INSTRUCTIONS TO FOLLOW: Copy the listing exactly, please, and keep every picture out of it.

GIVEN DATA:
-.-.-

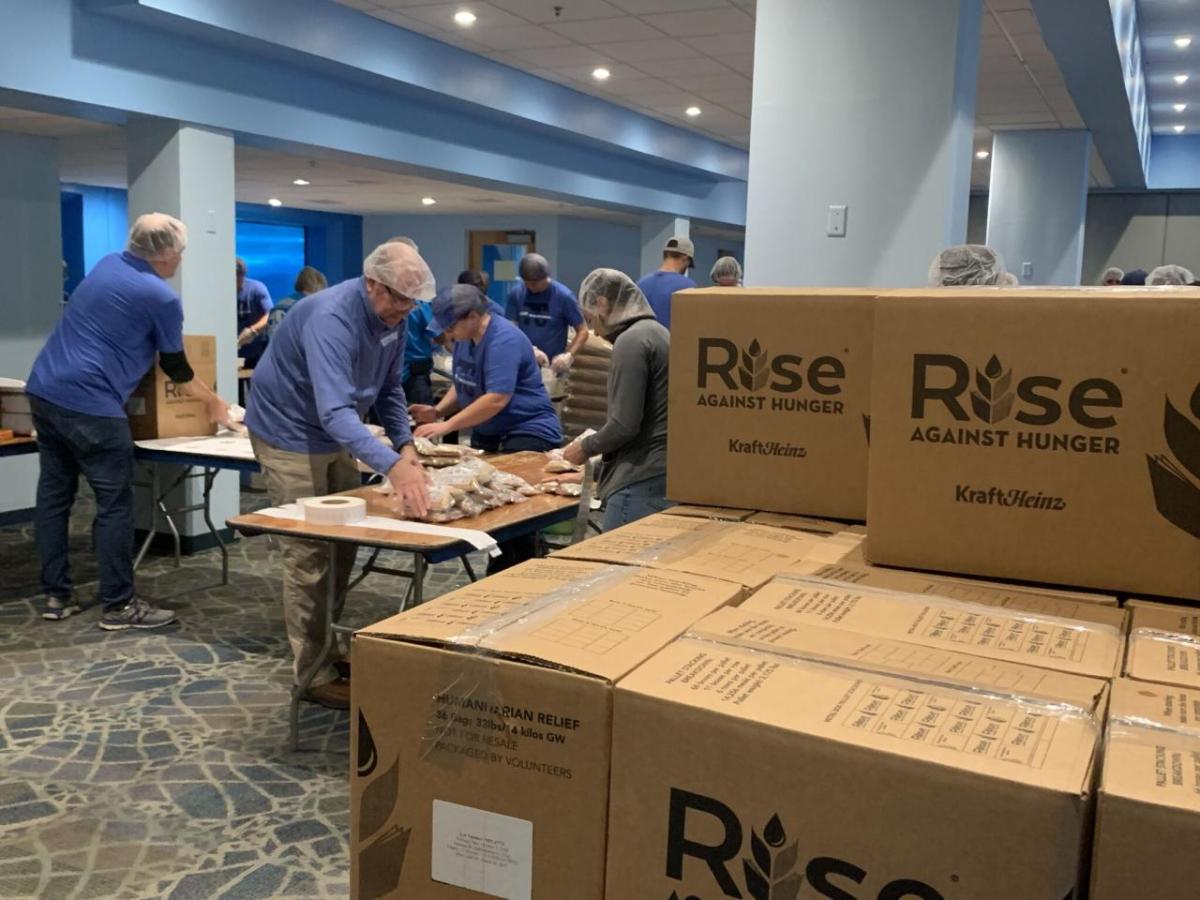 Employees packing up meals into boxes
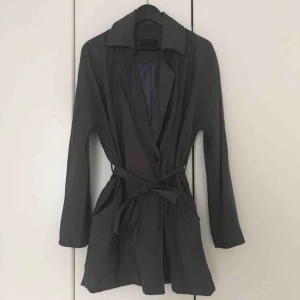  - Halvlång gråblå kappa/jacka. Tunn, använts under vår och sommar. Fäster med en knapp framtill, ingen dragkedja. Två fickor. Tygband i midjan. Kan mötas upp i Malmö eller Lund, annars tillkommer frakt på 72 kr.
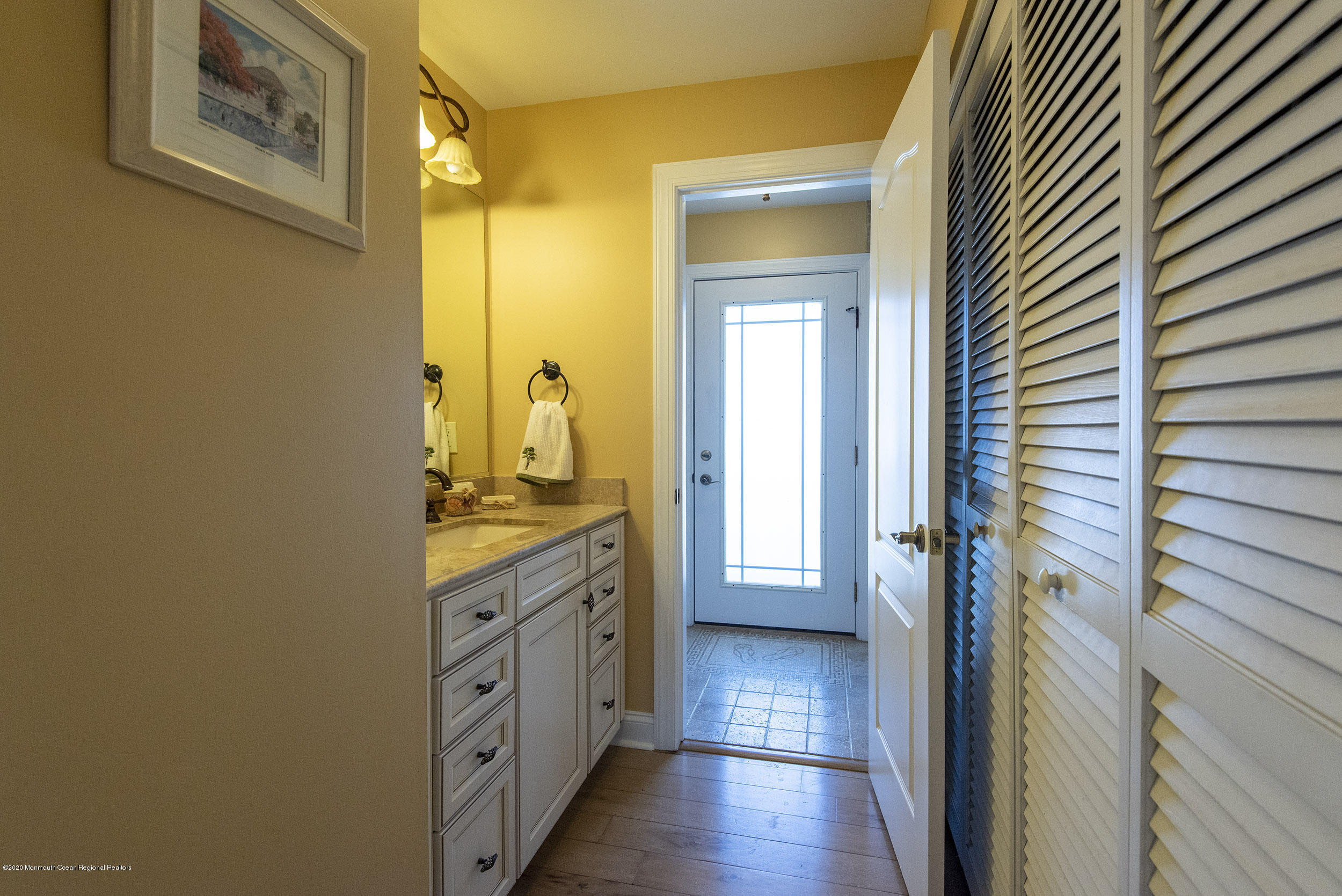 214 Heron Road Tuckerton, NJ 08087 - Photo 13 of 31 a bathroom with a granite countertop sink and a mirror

-.-.-

EXPECTED ANSWER:
 Employees packing up meals into boxes
  - Halvlång gråblå kappa/jacka. Tunn, använts under vår och sommar. Fäster med en knapp framtill, ingen dragkedja. Två fickor. Tygband i midjan. Kan mötas upp i Malmö eller Lund, annars tillkommer frakt på 72 kr.
 214 Heron Road Tuckerton, NJ 08087 - Photo 13 of 31 a bathroom with a granite countertop sink and a mirror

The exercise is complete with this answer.